It seems that AMD's newest chipset drivers are now available, and courtesy of hardware leaker HXL, the release notes mention support for the "Ryzen AI 300 MAX" line-up. This finding was sourced from ASUS, who has the latest drivers available to download for its X670E series of motherboards. The gist is that AMD has seemingly confirmed the existence of the Ryzen AI 300 MAX series, whose rumored codename is Strix Halo.
The source of the confirmation comes via a chipset driver download from Asus, and is located in the Chipset folder on page 3 of ReleaseNotes_6.10.02.1849.rtf.
Strix Halo is AMD's yet-to-launch flagship mainstream APU offering. The top configuration allegedly packs 16 Zen 5 cores at 5.8GHz and a 40 CU-equipped iGPU based on RDNA 3.5. This beast is designed for workstations and premium top-of-the-line laptops and is expected to consume nearly 130W of power.
A previous leak gave us some insight regarding the internals of this chip, based on which Strix Halo contains three chiplets; two CCDs and one large SoC die.
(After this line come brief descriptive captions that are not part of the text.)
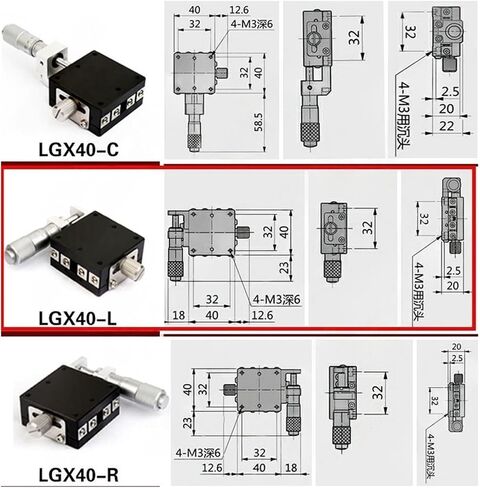 X Axis 40 * 40mm Knob Micrometer Sliding Stage Guide Rail Type Platform Manual Displacement Sliding Table LGX40-R X40-C X40-L(LGX40-R) in Saudi Arabia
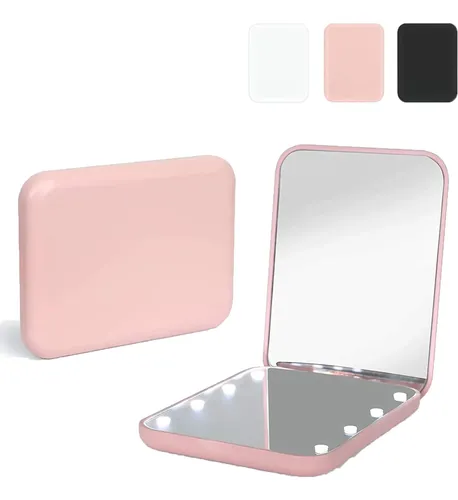 Espejo De Bolsillo, 1x/2x Aumento Led Espejo Compacto,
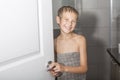 Happy young boy bathroom Royalty Free Stock Photo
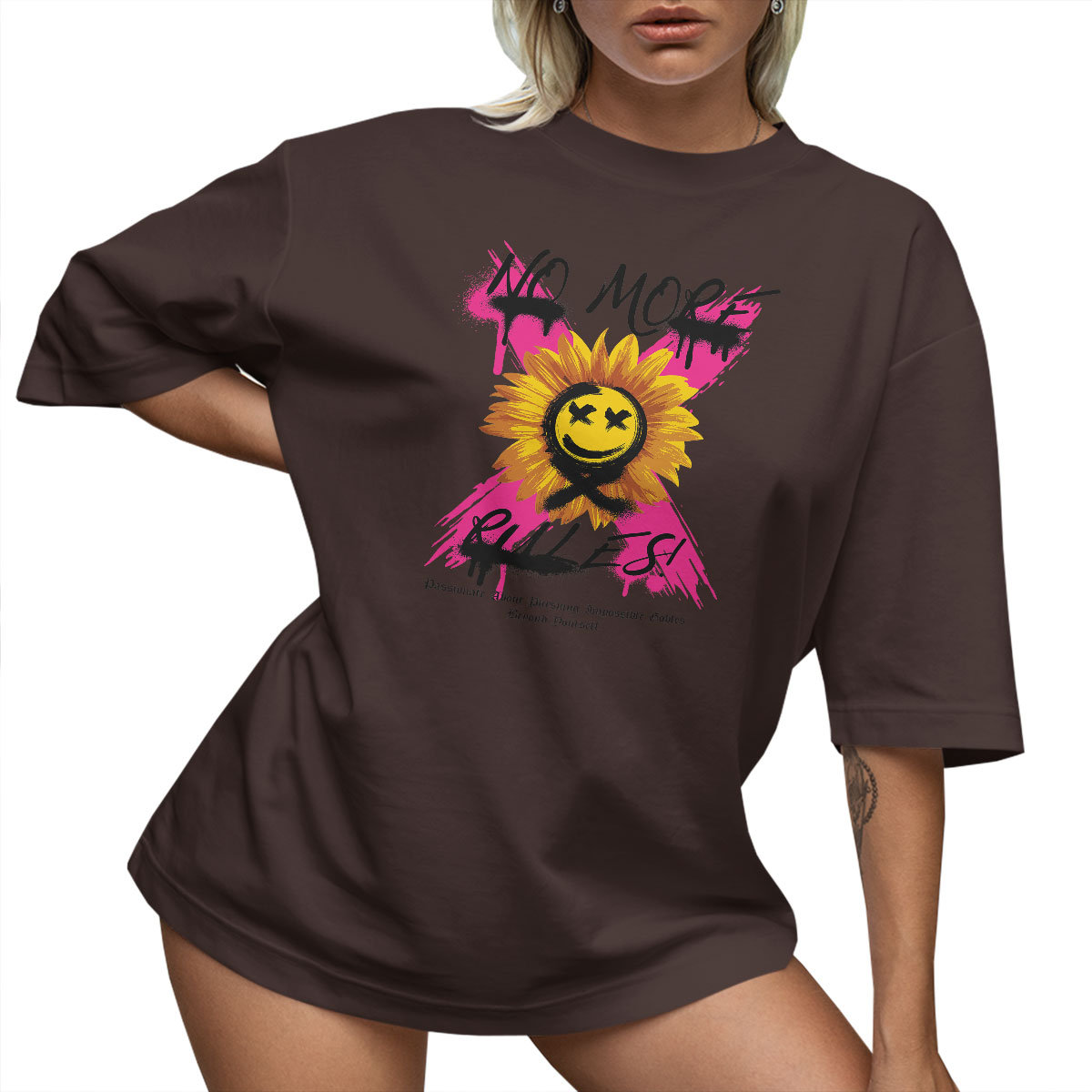 T-SHIRT OVERSIZE LUŹNA KOSZULKA NO MORE RULES XXXL SUKIENKA JAKOŚĆ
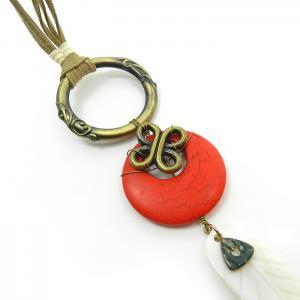 Long Red Shell Stone Necklace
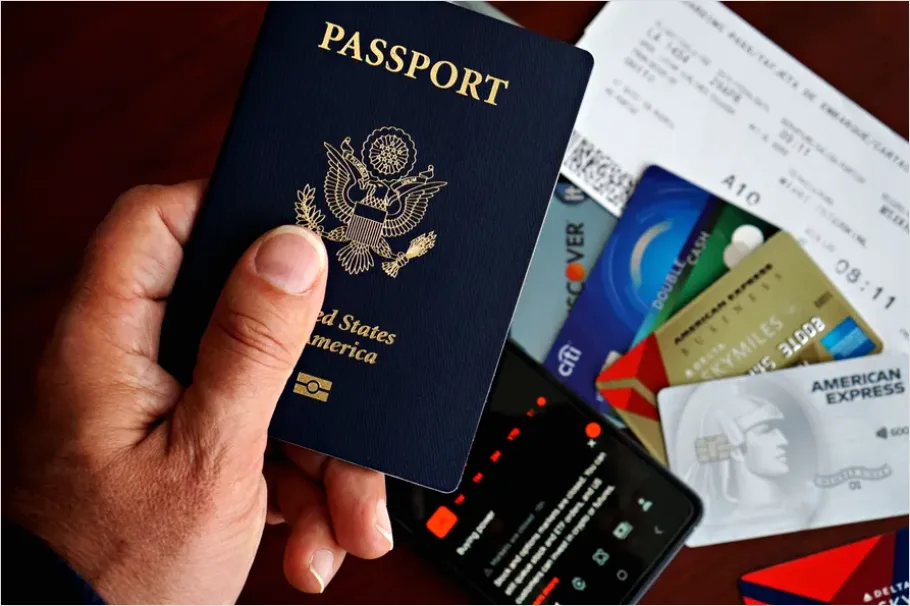 Detail Hands Holding Passport Travel Document Number 14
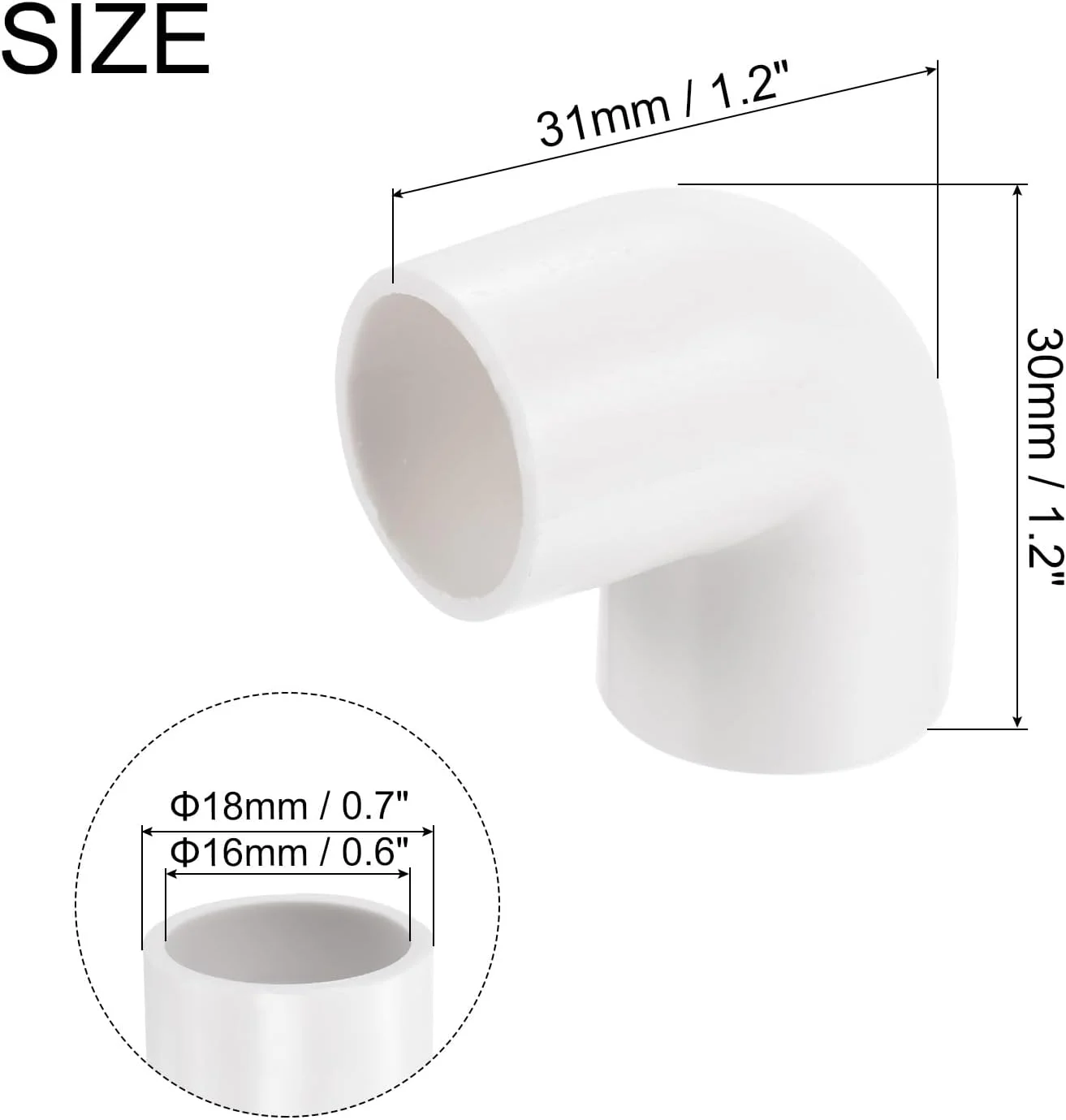 اتصال لوله پی وی سی 90 درجه، سایز 16 میلی متر، سفید، تغییر جهت برای قفسه های پی وی سی DIY، شلنگ باغ، لوله برق، بسته 50 عددی اتصال لوله پی وی سی 90 درجه، سایز 16 میلی متر، سفید، تغییر جهت برای قفسه های پی وی سی DIY، شلنگ باغ، لوله برق، بسته 50 عددی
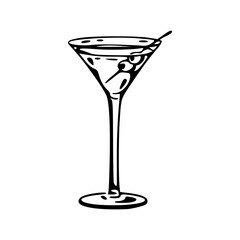 classic martini glass clipart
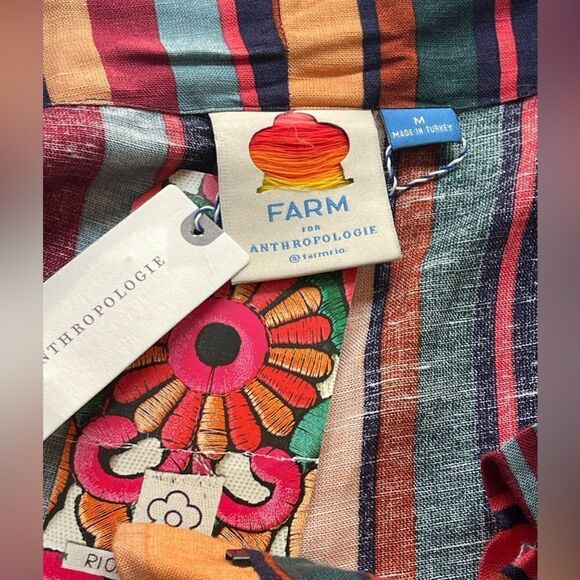 Farm Rio Anthropologie Striped  Wide Leg linen blend Pants Size NWT. M - Picture 7 of 10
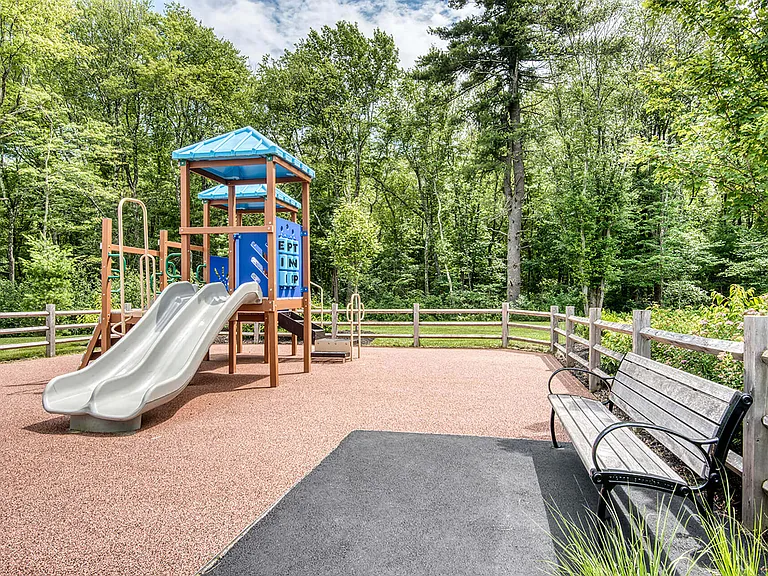 Outdoor playground surrounded by trees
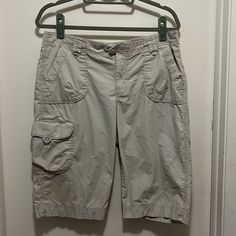 Long Khaki Cargo Shorts; Great For Hiking Size 10 See Photos For Signs Of Wear As There Are 2 Slight Stains Near Bottom Of Each Leg. Never Worn! Questions? Leave A Comment Below! Spring Pants For Outdoor Activities, Short Length, Short Pants For Outdoor Activities In Spring, Casual Short Capris With Pockets, Casual Short Length Capris With Pockets, Casual Short-length Capris With Pockets, Casual Capris With Built-in Shorts, Casual Cotton Capris, Casual Cotton Short Capris, Casual Cotton Short-length Capris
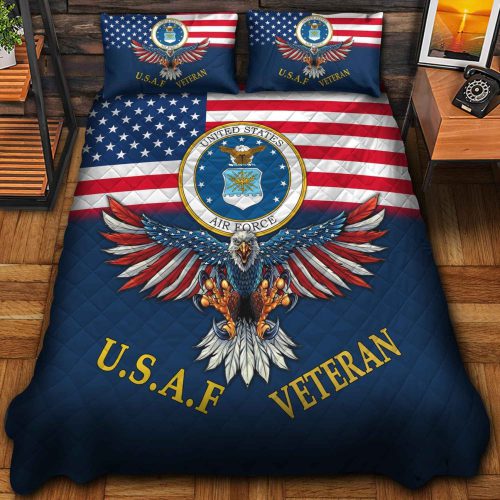 Premium US Air Force Veterans Quilt Bedding Set, Gifts For US Veterans, Gifts For Veterans Day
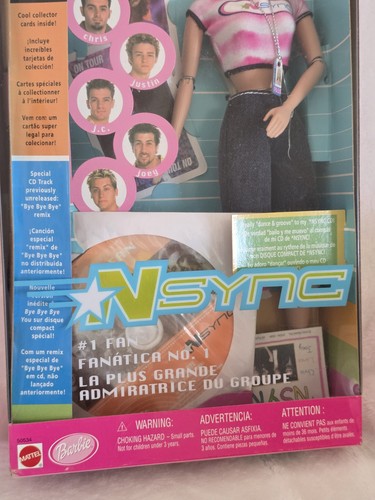 Vintage 2000 NSYNC #1 Fan Barbie Doll NIB with Remix CD - photo 4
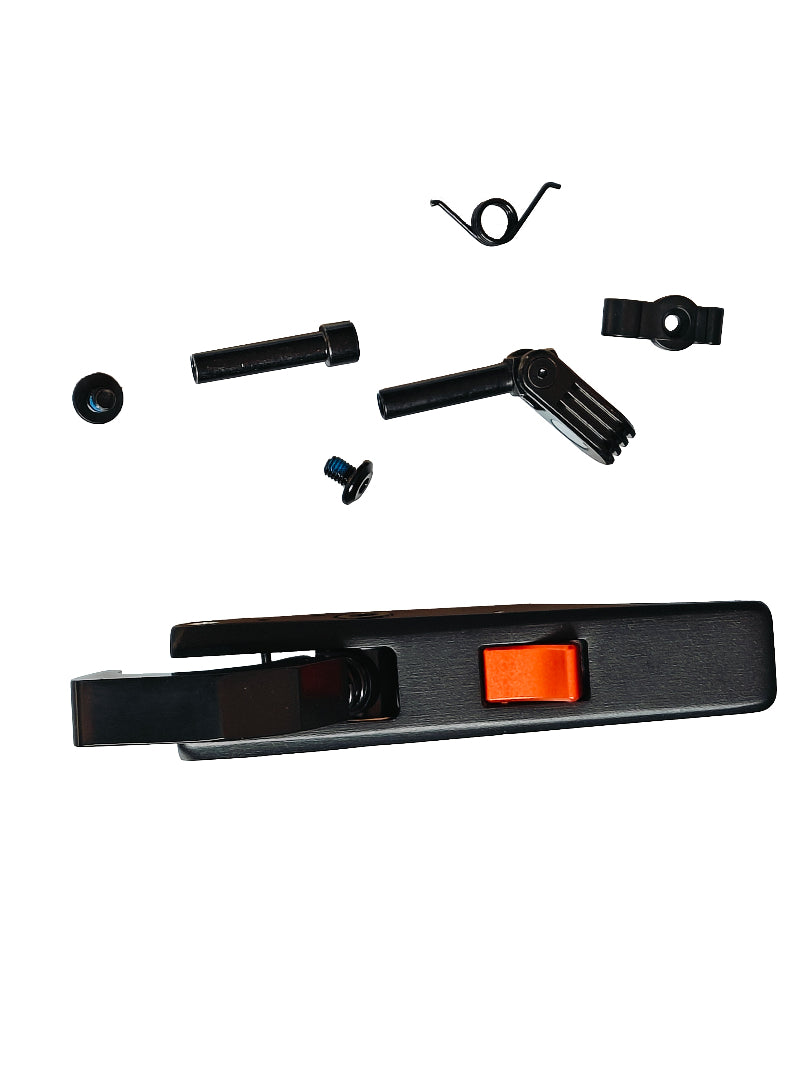 A collection of black latch assembly parts for Apollo scooters, including a latch body, spring, lever, and screws.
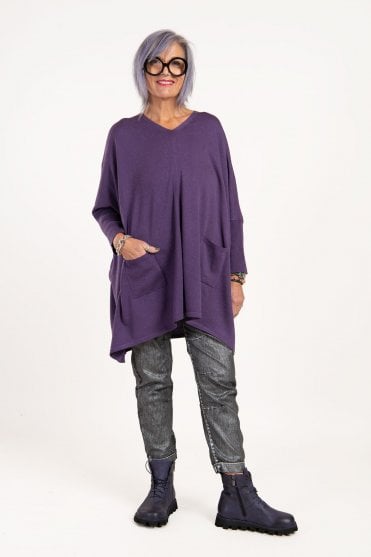 Purple Knitted Oversized Pullover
The SoC die packs a massive 40 CU iGPU clocked at 3 GHz, eclipsing the RX 7600 XT, 32MB of MALL (Memory Access at Last Level) cache which we assume will work similarly to Infinity Cache and may also be usable by the CPU cores as a possible L4 cache. Surrounding the package, we have eight LPPDR5X-8533 memory modules possibly indicating a 256-bit memory interface in the SoC die. On the I/O and expansion side, Strix Halo is rumored to have four PCIe 5.0 and eight PCIe 4.0 lanes alongside two USB 4.0 and USB 3.2 Gen 2 ports each.
To satisfy Microsoft's AI PC requirements, AMD will leverage its XDNA2 architecture for Strix Halo's NPU. Given the larger die size, the NPU TOPS might be slightly higher than what Strix can currently push.
Strix Halo is an ambitious project by AMD and may render many discrete mobile GPUs obsolete. AMD has already made strides in the iGPU segment with its Radeon 600/700/800M offerings. The looming question is pricing since Strix Halo will not only be more expensive to make, but we must also factor in the cost of packaging. In any case, we expect AMD to unveil the Ryzen AI 300 MAX series at CES 2025.